Antes da ordenação, os quatro dias de retiro, meditação e oração, orientados pelo Padre Arturo Pauli, ajudaram o religioso a ter ainda mais certeza da vocação. “Dúvidas são normais durante a caminhada, se pergunta se é esse o caminho, mas as respostas vão aparecendo normalmente pelos fatos e situações. Sempre com auxílio dos orientadores espirituais”, comenta o sacerdote.

Mas um episódio em especial, um ano antes da cerimônia, deu ao Padre a segurança que faltava. “Por dois anos, ia todos os dias à tarde à Capela com esse objetivo de buscar a certeza. Eu rezava e me perguntava se de fato teria condições de assumir o compromisso que é se padre. E tive um momento que me tranquilizou profundamente. Foi uma experiência interior, uma força disse que esse era o caminho. Não vi ou ouvi Deus, foi um sentimento”, relata.

A partir daí, eliminada a preocupação de ser ou não, outro questionamento aflorou: como fazer? Na época, muitos padres se ordenavam e continuavam seus estudos. Francisco optou por seguir trabalhando junto à comunidade. Como missionário foi a Santa Cruz do Sul e, em sete meses, passou por várias cidades do estado e de outros locais do do Brasil. Foi nomeado Pároco em Faxinal do Soturno, onde permaneceu por três anos. Estudou em Quito, no Equador e retornou, em 1973, a Santa Maria, onde vive até hoje.

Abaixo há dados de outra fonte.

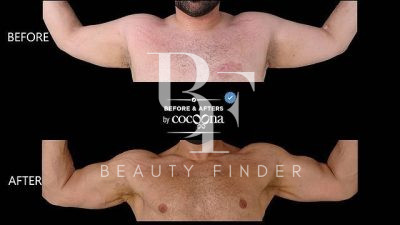 Dr. Sanjay Parashar, top Plastic Surgery from Dubai, Beauty Finder - 11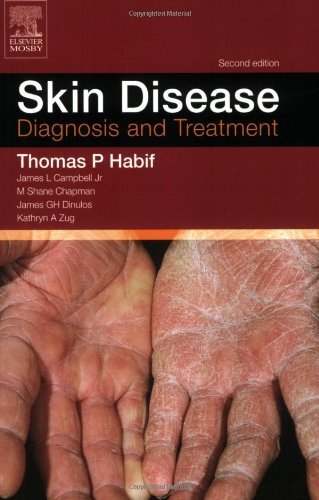 Skin Disease,: Diagnosis and Treatment, Thomas P. Habif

Programação – As comemorações dos 40 anos de sacerdócio serão realizadas no domingo. Haverá missa, às 10h, na Igreja das Dores e, às 12h, almoço festivo no salão paroquial, na rua Pinto Bandeira.

À frente de projetos sociais

Além das atribuições rotineiras na vida de um pároco, Padre Xiko desenvolve outras atividades na comunidade de Santa Maria. Já participou do mutirão que construiu mais de cem casas populares para famílias de baixa renda no município e, hoje, coordena projetos de inclusão digital na Vila Maringá. No local também são desenvolvidas oficinas de culinária, artesanato e marcenaria, entre outras.

Há 36 anos coordena o Cursilho, na Igreja das Dores. Desde então foram mais de 200 Cursilhos. O curso de formação para líderes cristãos existe desde 1972 e acontece três vezes ao ano. A duração é de três dias. Para participar é preciso ser convidado e ter no mínimo 18 anos. “É um processo, levar as pessoas a uma experiência humana, comunitária e cristã.”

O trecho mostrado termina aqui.